The investigator posited that training specialists need to be attuned to trainee needs and to provide optimum opportunities for addressing those needs. Instead of the hypotheses originally proposed, a decision was made to use a research question, which was "To what extent are knowledge and use of learning theory reflected in the nature of training programs?" The writer proceeded to develop an interview questionnaire and an analysis checklist instrument based on principles of adult learning, or "andragogy." Data were gathered from a telephone survey of representatives of 16 "Fortune 500" companies located throughout the United States.
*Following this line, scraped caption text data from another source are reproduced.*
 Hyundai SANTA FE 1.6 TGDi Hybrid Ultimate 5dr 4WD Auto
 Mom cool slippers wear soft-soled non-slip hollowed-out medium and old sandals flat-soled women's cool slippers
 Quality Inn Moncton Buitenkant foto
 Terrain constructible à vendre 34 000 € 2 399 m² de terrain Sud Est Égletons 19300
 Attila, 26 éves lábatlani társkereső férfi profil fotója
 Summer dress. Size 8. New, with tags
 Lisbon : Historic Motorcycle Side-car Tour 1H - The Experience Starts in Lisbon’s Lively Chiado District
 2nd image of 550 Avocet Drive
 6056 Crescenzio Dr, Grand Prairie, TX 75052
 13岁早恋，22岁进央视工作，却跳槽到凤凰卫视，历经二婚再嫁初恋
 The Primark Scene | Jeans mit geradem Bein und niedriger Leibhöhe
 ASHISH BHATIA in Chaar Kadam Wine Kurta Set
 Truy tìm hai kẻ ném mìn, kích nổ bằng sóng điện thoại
Those representatives provided responses to specifics of how the aforementioned components are facilitated within corporate training environments.

The analysis provided clear evidence that in the 16 companies investigated, trainee participation varied from "almost none" to "modest" in the assessment, planning, implementation and delivery, and evaluation of training programs. Of those four elements of training programs, planning was the one in which there was least trainee participation reported.

The study seemed to indicate that even the companies that reported greatest trainee participation could hardly be classed as trainee oriented. However, several of the companies, based on the writer's judgment, the interview transcripts, the profile of the "typical" training program, and in-depth descriptions of the 16 company training programs, could be classed as definitely organization oriented. A major overall conclusion was that all of the companies need to be cognizant of, and demonstrate more use of, andragogical principles in their training programs.